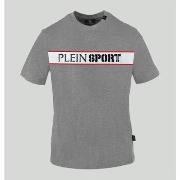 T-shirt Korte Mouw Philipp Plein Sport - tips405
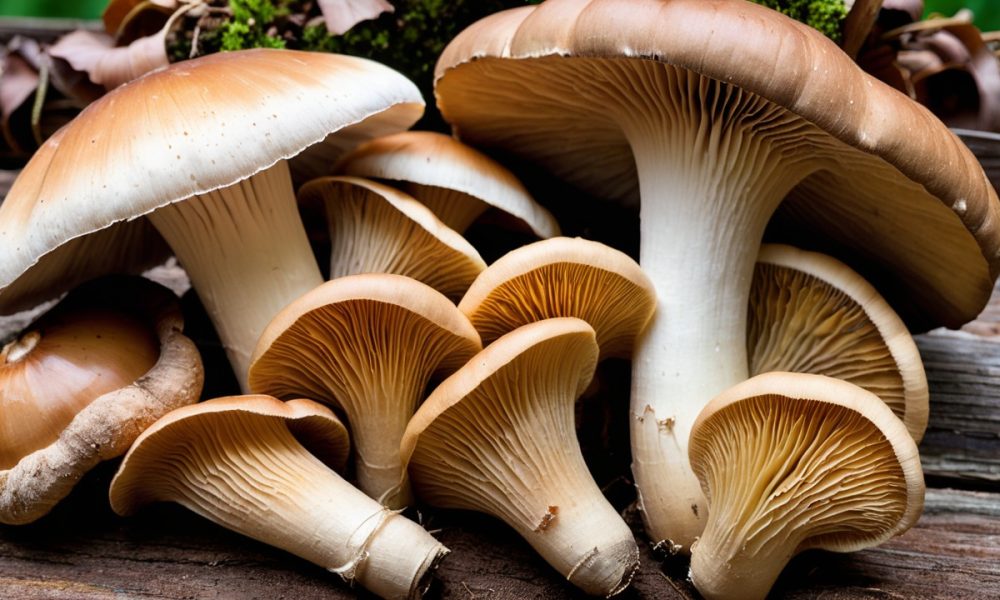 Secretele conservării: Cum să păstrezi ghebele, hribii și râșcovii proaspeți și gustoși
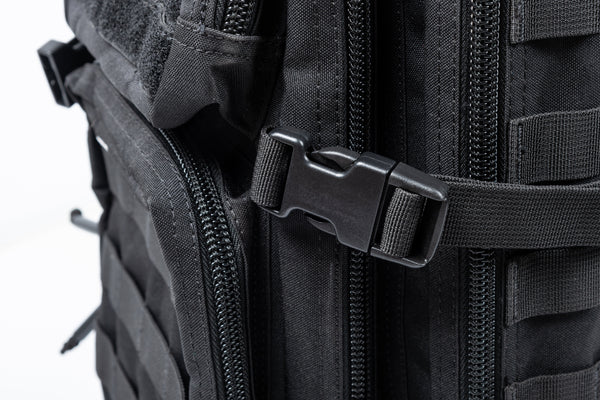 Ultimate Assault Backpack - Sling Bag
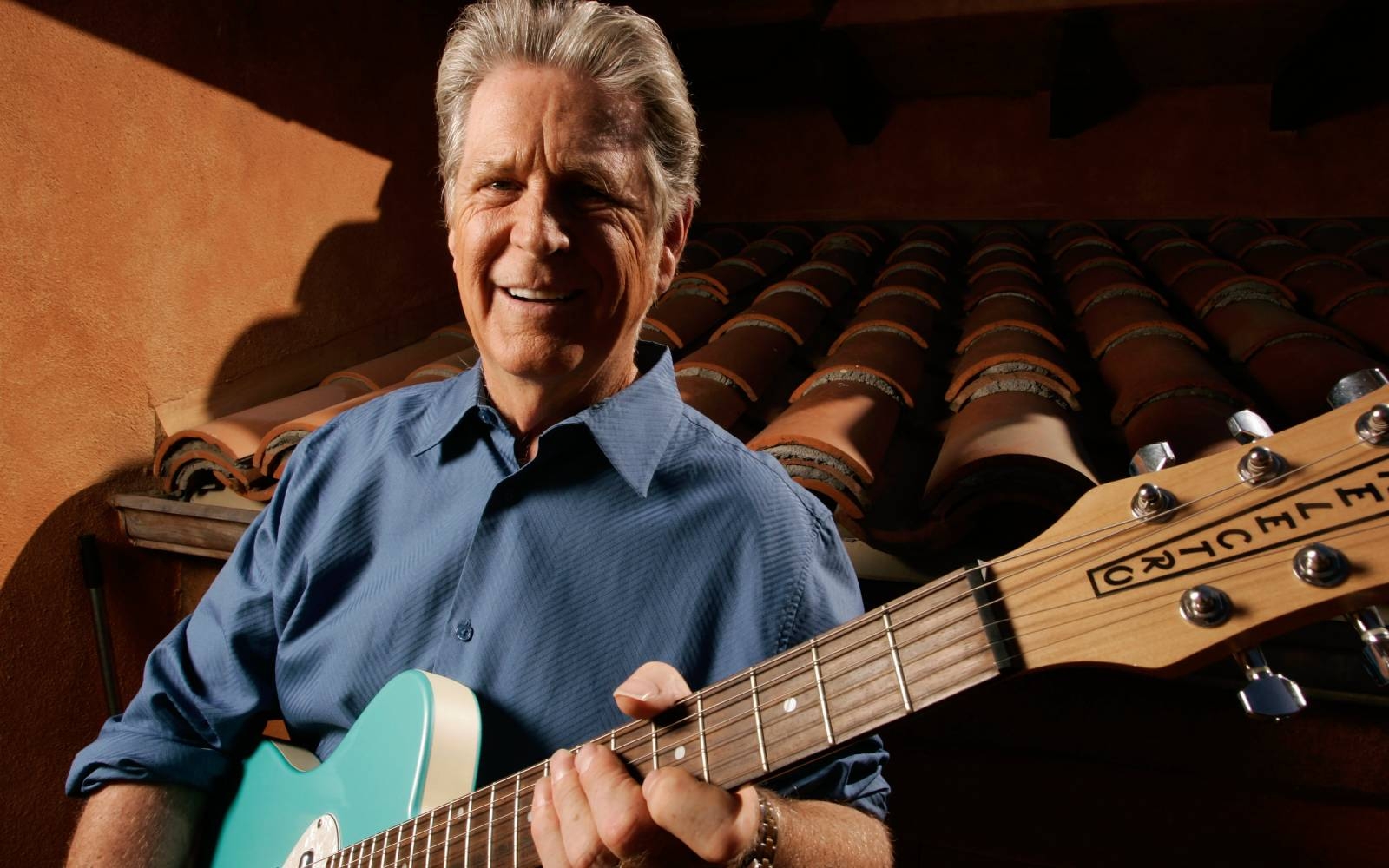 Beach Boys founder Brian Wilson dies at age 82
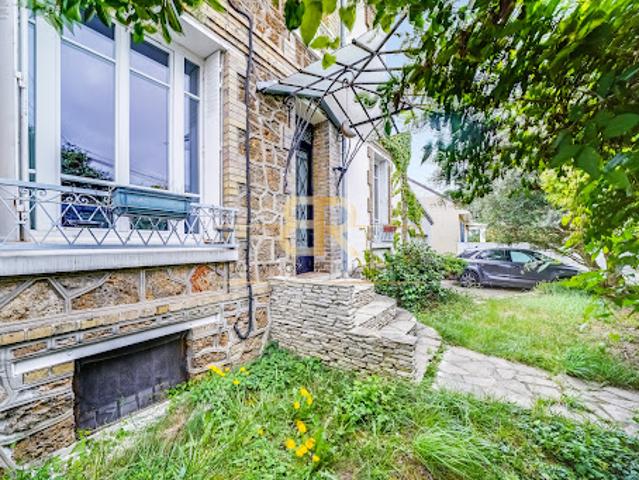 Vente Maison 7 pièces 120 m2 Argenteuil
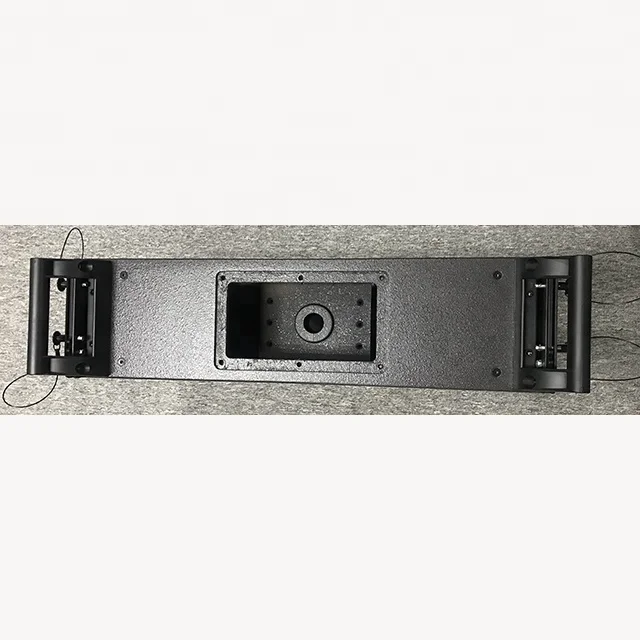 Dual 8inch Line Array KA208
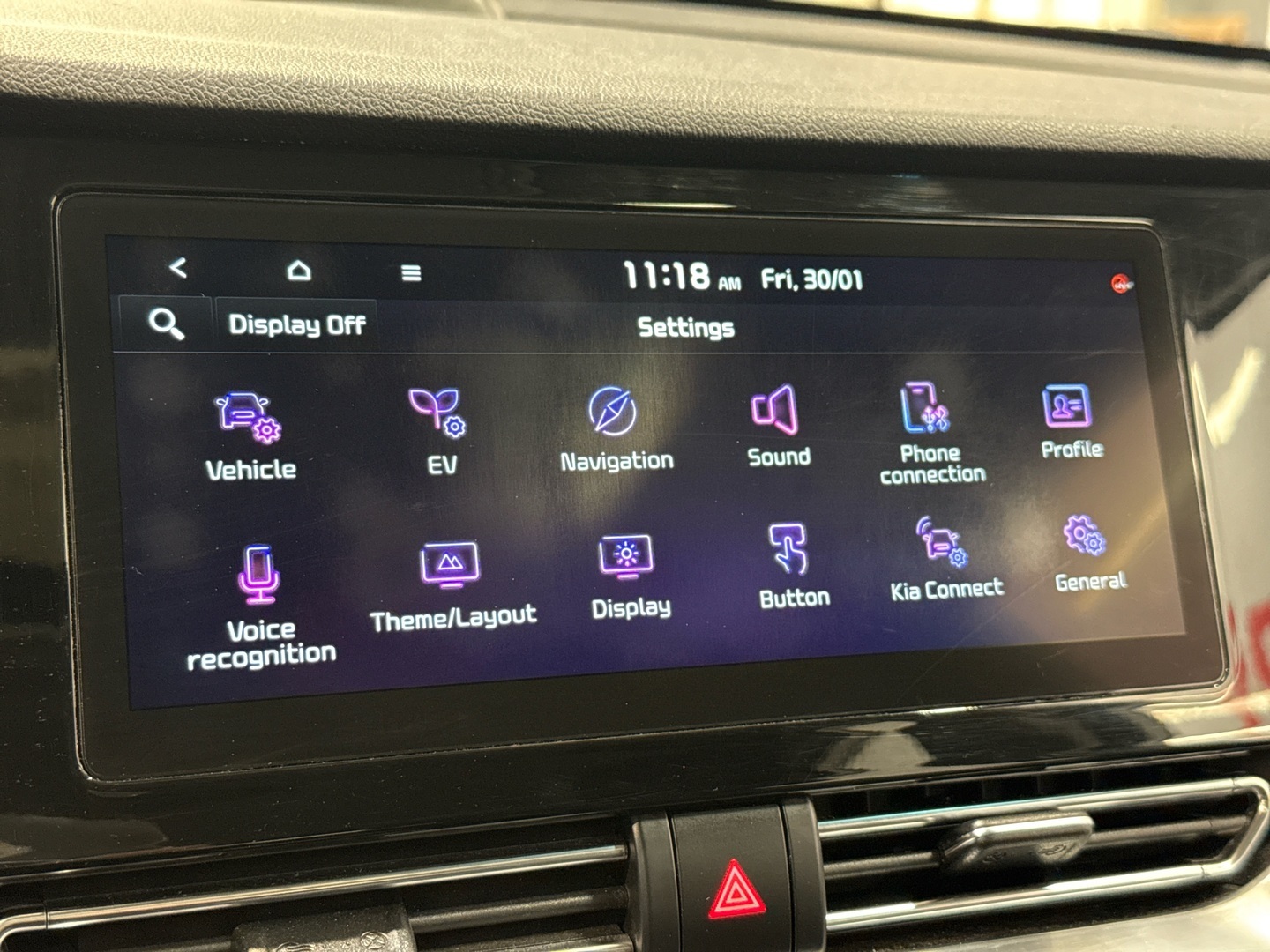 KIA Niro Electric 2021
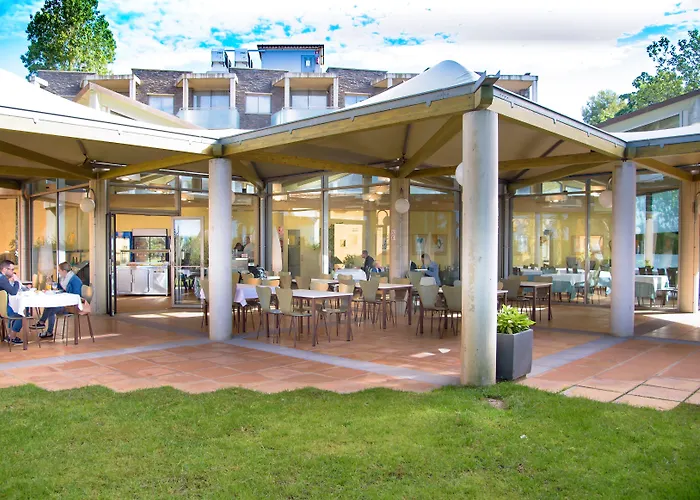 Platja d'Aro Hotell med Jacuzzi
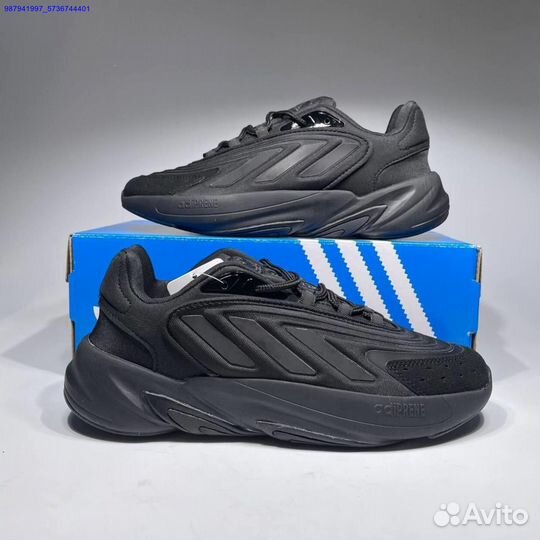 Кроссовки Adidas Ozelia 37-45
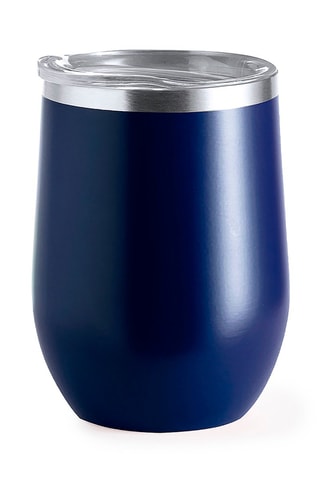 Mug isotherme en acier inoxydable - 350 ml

════════════════════

▶ PROBLEM STATEMENT: Pictures excluded, output exactly the line that contains "Dual 8inch Line Array KA208" and every line after it to the end of the data above.

▶ RESULT:
 Dual 8inch Line Array KA208
 KIA Niro Electric 2021
 Platja d'Aro Hotell med Jacuzzi
 Кроссовки Adidas Ozelia 37-45
 Mug isotherme en acier inoxydable - 350 ml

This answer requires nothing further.